EXERCISE DESCRIPTION -> Drop every picture. Then return, exactly, the lines from the beginning of the listing below through the one containing "I'll just stop".

SUPPLIED MATERIAL ->
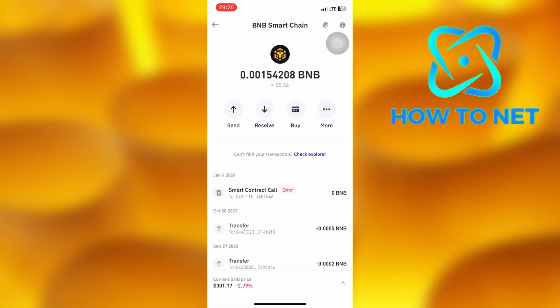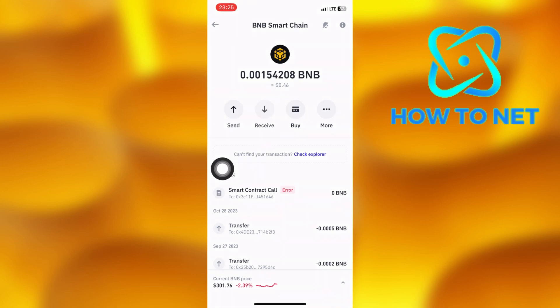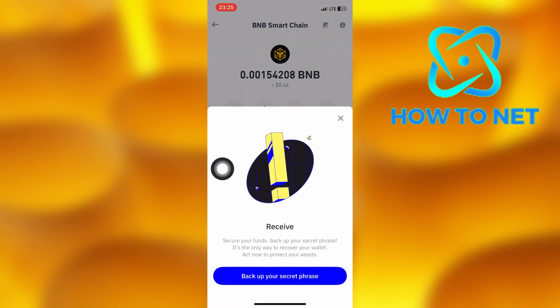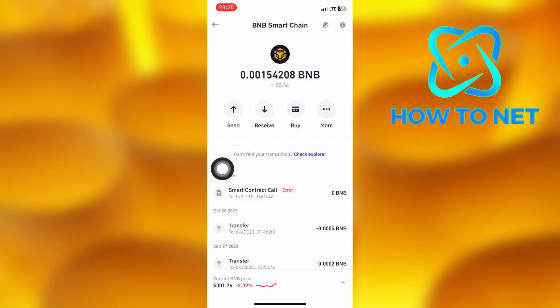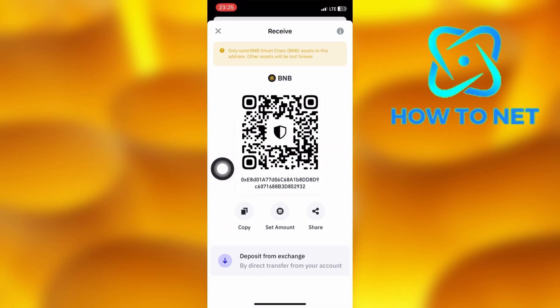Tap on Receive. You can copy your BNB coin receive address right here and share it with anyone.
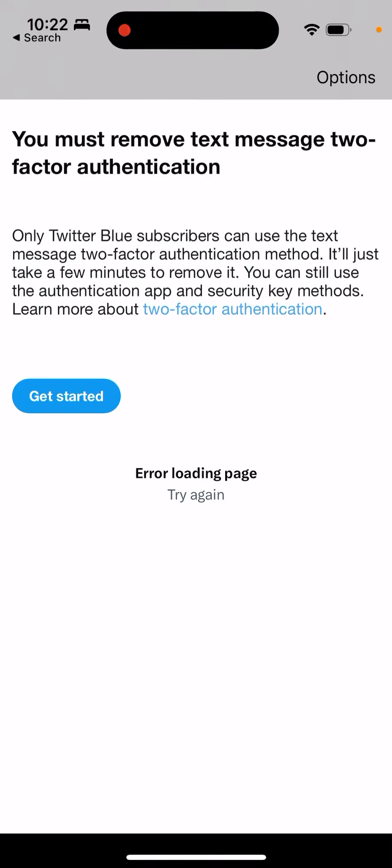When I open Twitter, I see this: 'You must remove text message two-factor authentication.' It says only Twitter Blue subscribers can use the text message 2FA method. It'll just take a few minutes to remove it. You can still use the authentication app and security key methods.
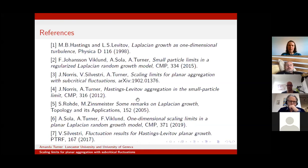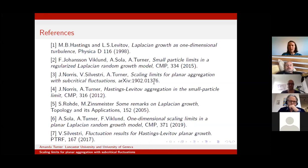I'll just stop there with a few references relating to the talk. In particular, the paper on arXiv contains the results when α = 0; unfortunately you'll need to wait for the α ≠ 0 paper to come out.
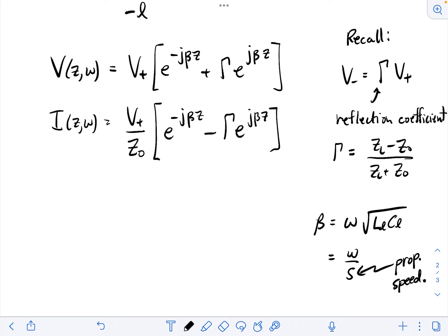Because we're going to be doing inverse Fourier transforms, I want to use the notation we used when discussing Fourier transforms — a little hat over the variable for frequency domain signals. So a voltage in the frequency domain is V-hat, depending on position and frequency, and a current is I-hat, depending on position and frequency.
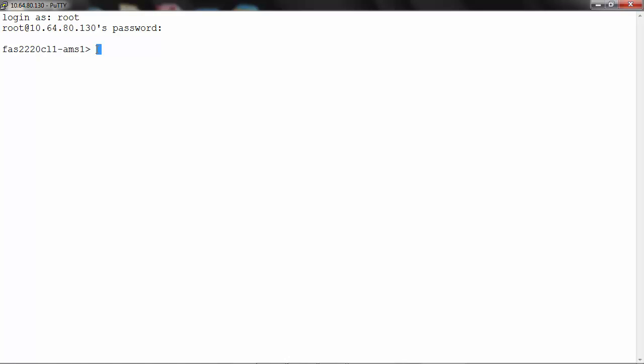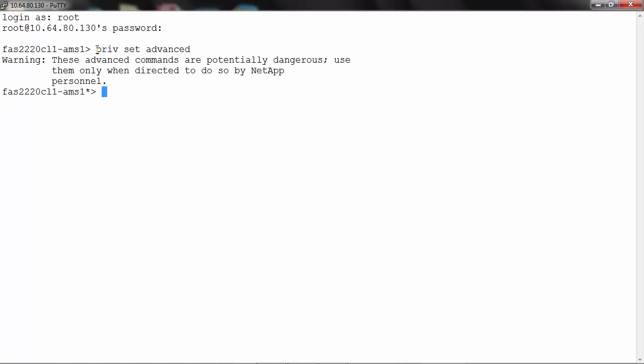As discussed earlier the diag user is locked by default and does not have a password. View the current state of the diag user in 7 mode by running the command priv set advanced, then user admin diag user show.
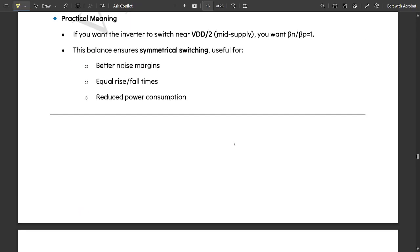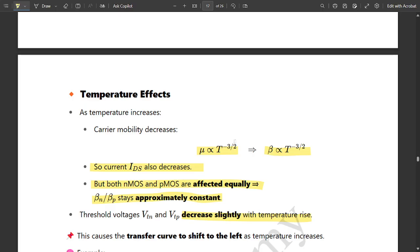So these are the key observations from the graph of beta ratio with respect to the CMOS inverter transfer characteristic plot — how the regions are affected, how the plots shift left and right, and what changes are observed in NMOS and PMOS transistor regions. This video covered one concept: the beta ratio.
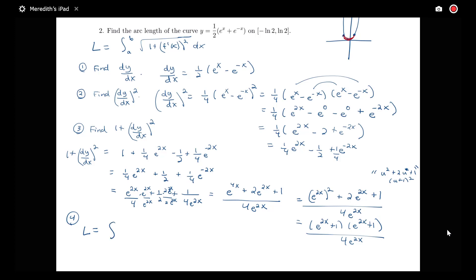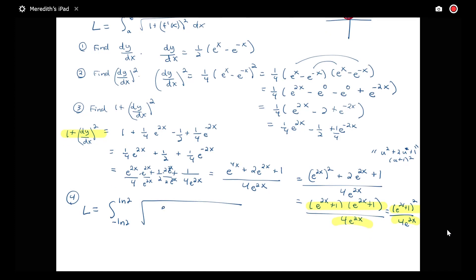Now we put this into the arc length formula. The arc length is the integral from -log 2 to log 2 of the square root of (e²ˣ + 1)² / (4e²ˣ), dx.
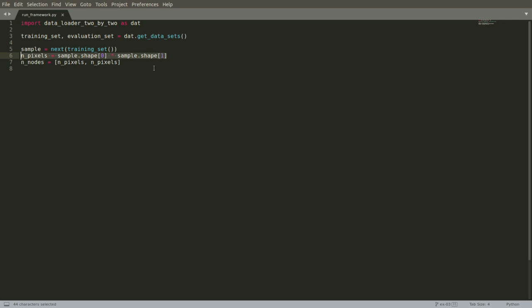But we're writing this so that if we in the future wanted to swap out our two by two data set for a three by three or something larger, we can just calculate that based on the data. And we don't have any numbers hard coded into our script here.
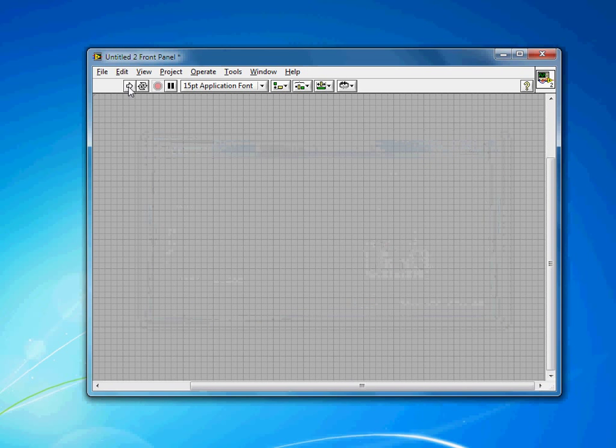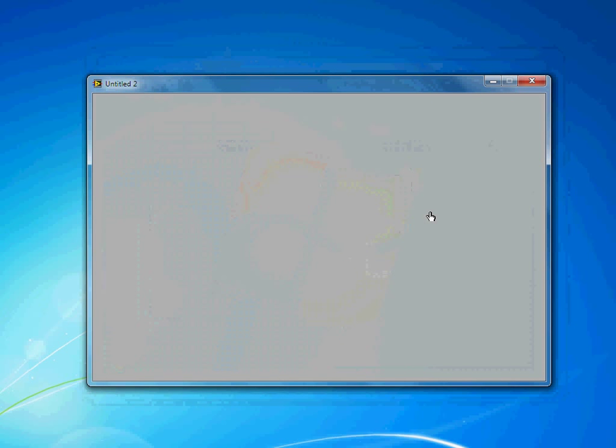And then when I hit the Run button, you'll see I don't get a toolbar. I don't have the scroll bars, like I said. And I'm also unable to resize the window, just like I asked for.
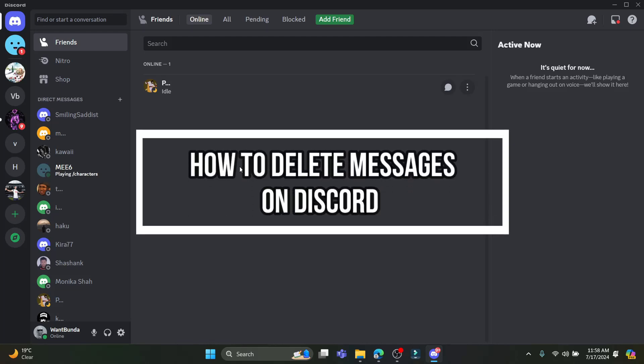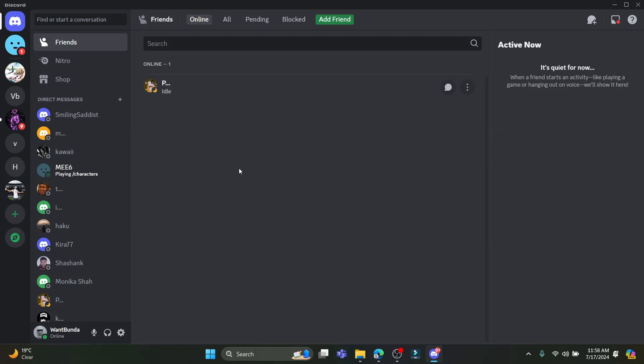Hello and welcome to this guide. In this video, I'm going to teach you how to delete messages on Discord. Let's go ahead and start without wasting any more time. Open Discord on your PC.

COMPLETED EXERCISE ->
Tap on Receive. You can copy your BNB coin receive address right here and share it with anyone.
When I open Twitter, I see this: 'You must remove text message two-factor authentication.' It says only Twitter Blue subscribers can use the text message 2FA method. It'll just take a few minutes to remove it. You can still use the authentication app and security key methods.
I'll just stop there with a few references relating to the talk. In particular, the paper on arXiv contains the results when α = 0; unfortunately you'll need to wait for the α ≠ 0 paper to come out.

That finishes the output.